PROBLEM TO WORK ON: From the entries below, return only the lines starting at the one that contains "Liwia - Conjunto" and ending at the one that contains "Marina Moscone Embroidered", exactly as they stand.

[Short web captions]
______________________________
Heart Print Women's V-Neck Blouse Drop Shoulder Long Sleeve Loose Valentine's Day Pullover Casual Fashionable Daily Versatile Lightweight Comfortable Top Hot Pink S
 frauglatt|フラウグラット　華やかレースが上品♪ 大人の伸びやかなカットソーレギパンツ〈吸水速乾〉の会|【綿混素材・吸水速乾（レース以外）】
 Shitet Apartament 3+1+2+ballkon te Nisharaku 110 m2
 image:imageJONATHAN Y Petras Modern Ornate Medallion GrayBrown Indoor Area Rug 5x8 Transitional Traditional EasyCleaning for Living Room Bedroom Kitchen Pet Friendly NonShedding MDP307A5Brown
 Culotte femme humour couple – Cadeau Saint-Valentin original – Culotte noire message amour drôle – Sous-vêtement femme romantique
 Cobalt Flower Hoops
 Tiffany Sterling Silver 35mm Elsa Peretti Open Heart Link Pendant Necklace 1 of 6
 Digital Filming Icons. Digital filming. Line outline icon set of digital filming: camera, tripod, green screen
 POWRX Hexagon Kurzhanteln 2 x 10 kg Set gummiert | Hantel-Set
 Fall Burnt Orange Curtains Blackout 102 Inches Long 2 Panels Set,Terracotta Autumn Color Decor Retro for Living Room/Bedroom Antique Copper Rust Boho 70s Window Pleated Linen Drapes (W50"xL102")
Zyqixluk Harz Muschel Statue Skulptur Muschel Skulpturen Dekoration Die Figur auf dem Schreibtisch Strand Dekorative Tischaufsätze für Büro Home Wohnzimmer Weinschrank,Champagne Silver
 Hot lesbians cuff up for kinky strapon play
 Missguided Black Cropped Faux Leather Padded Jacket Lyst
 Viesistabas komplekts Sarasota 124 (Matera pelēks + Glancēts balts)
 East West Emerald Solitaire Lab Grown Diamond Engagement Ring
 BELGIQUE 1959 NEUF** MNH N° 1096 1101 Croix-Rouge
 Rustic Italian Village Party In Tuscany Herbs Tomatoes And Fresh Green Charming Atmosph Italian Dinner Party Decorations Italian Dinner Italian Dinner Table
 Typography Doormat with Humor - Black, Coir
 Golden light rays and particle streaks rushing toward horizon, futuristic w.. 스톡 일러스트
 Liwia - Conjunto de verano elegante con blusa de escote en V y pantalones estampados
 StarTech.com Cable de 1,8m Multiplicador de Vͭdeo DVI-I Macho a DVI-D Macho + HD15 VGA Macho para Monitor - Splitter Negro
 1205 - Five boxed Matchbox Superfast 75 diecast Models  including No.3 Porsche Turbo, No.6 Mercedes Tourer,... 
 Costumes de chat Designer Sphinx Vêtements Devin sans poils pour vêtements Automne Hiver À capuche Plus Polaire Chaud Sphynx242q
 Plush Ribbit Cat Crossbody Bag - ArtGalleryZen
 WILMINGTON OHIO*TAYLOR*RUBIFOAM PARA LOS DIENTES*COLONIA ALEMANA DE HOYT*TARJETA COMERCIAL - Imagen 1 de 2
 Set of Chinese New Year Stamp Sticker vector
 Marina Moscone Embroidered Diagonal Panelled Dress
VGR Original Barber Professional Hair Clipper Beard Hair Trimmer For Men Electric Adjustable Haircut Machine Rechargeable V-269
______________________________
EXPECTED ANSWER:
 Liwia - Conjunto de verano elegante con blusa de escote en V y pantalones estampados
 StarTech.com Cable de 1,8m Multiplicador de Vͭdeo DVI-I Macho a DVI-D Macho + HD15 VGA Macho para Monitor - Splitter Negro
 1205 - Five boxed Matchbox Superfast 75 diecast Models  including No.3 Porsche Turbo, No.6 Mercedes Tourer,... 
 Costumes de chat Designer Sphinx Vêtements Devin sans poils pour vêtements Automne Hiver À capuche Plus Polaire Chaud Sphynx242q
 Plush Ribbit Cat Crossbody Bag - ArtGalleryZen
 WILMINGTON OHIO*TAYLOR*RUBIFOAM PARA LOS DIENTES*COLONIA ALEMANA DE HOYT*TARJETA COMERCIAL - Imagen 1 de 2
 Set of Chinese New Year Stamp Sticker vector
 Marina Moscone Embroidered Diagonal Panelled Dress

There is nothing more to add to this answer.